Closed KeKs0r closed 4 months ago
Hi @KeKs0r , thanks for opening the issue. Let me think about it and come back to you.
In short, the main challenge is that MiniSearch internally uses short document IDs for various efficiency reasons. Currently, it does not keep a mapping from original ID to short ID (only the opposite way around), so it doesn't know how to add a field to an existing document identified by ID.
This can probably be implemented, making it possible to add or remove some fields to/from an existing document, but it should be done in a way that does not make the data structures much larger.
Note that updating in place instead, either whole document or just a field, will not possible. One has to first remove the old document (or field, if we implement this), then add the new one. While it can be cumbersome for the application developer to keep the old document around so it can be deleted, the alternative is worse: MiniSearch would have to copy each indexed field in each document (just referencing won't work, because the document can change in place), or at least keep the list of processed tokens for each indexed field, so it can de-index them upon removal/update. This would make MiniSearch use a lot more memory and be slower to index for everyone, even those who don't use this feature. It is also possible for application developers to implement it more efficiently, even though a bit cumbersome, by implementing some "copy on write" mechanism on the documents.
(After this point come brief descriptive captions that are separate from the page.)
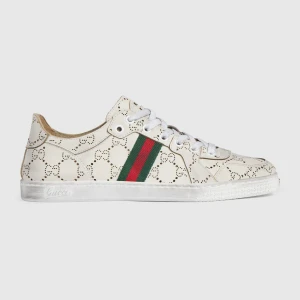 Stretch Low-Top Trainer
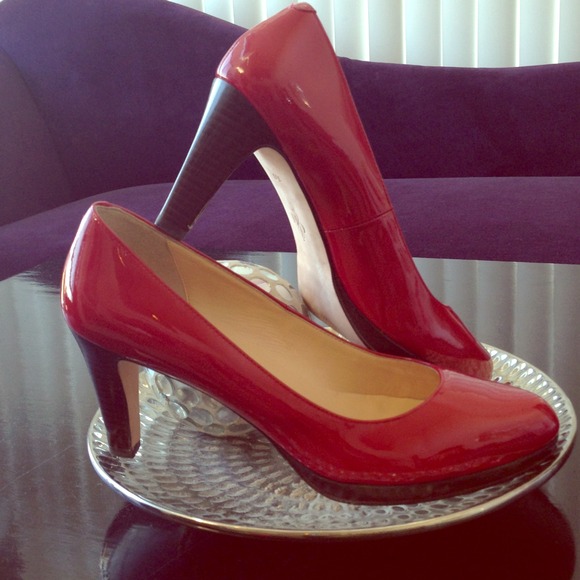 Authentic Cole Haan Heels Size 7.5 UNWORN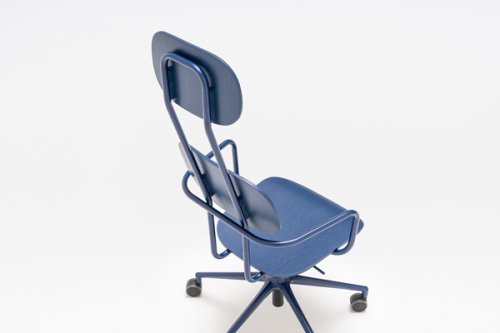 New School - chaise réglable en hauteur en contreplaqué avec appuie-tête
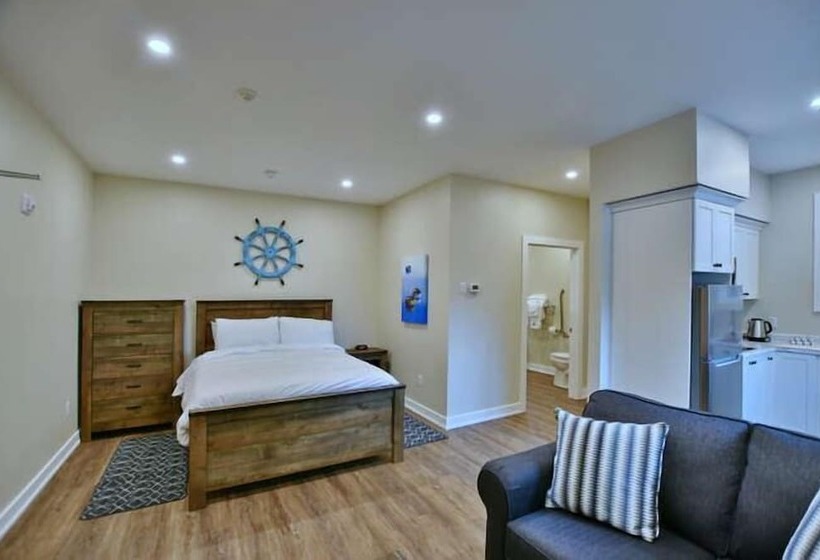 호텔 The Landing   Extended Stay Quarters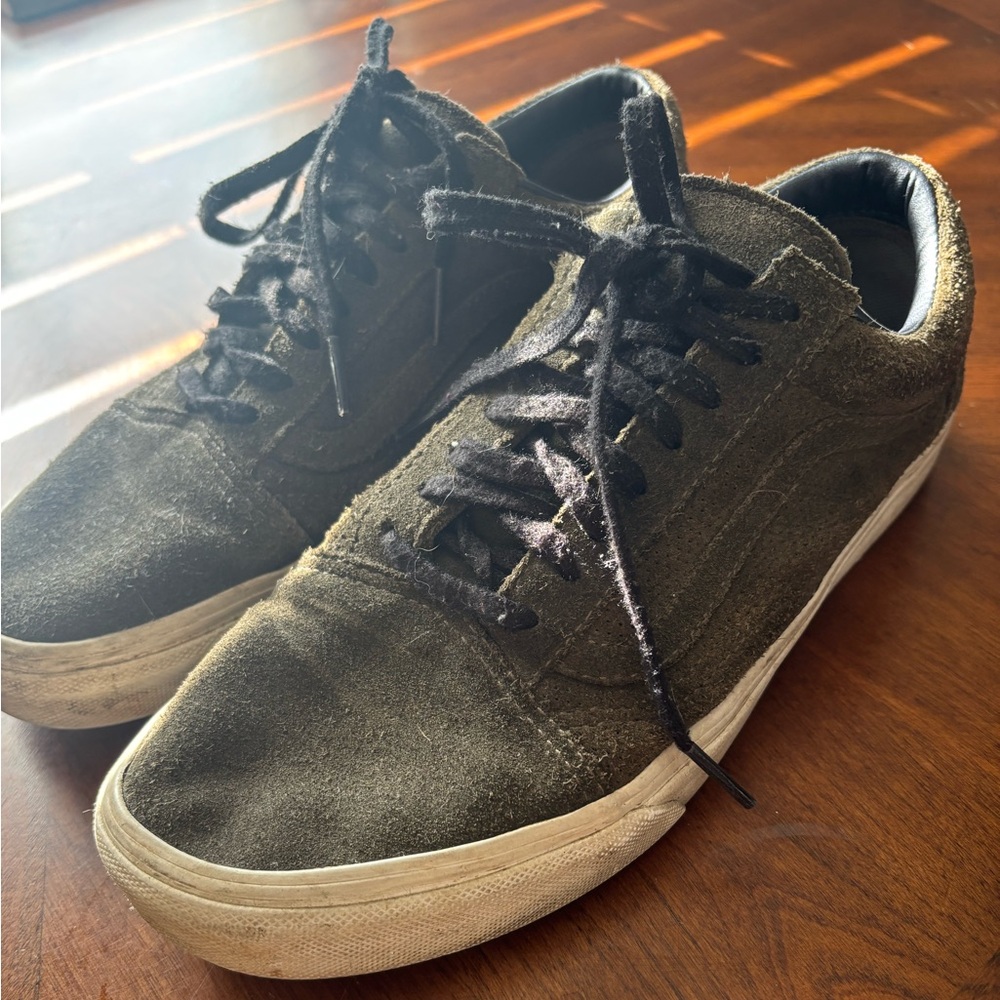 Men's Green Suede Sneakers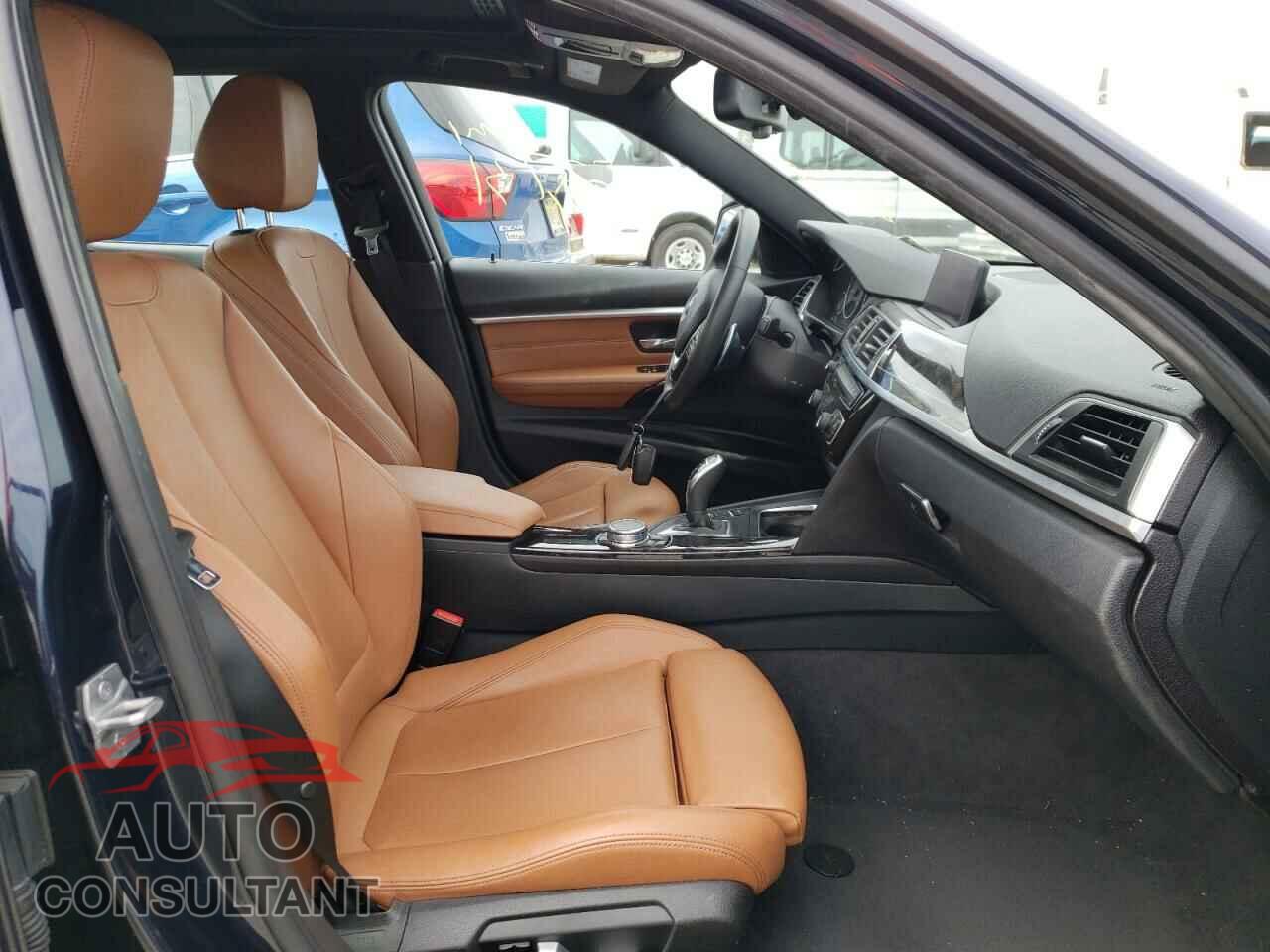 BMW 3 SERIES 2016 - WBA8E3G55GNU05269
I think keeping the "old" document around in this case is not an issue. This is already the case for "data changes" anyways. There are 2 changes in regards to Columns
Is the original ID -> short ID function a hash or is it random? Also if it has the mapping shortID -> original ID, it is maybe not as efficient, but maybe its fine to do a full lookup of ids, only for this use case. This way, it would not effect memory consumption for all other use cases.
The new version v6.0.0-beta.1
includes changes that would make this feature possible in the near future (at least adding a field). I will consider this for 6.1.0
.
Hi Luca,
I mentioned this single use case in another ticket, where we discussed several things: https://github.com/lucaong/minisearch/issues/106
I wanted to create a dedicated issue for this specific case. I am powering a filter/search of a table with minisearch. And users are able to add and remove columns from that table. the recreation of the index is quite the performance hit on that page and I am trying to make reindexing more performant on data changes. One of these scenarios is adding of a column. Currently I am creating a complete new index, just to add or remove a single field.
It would be great, if there is an api to add or remove a single field from the index. Or event doing it for every individual document with the current value of the field would be fine.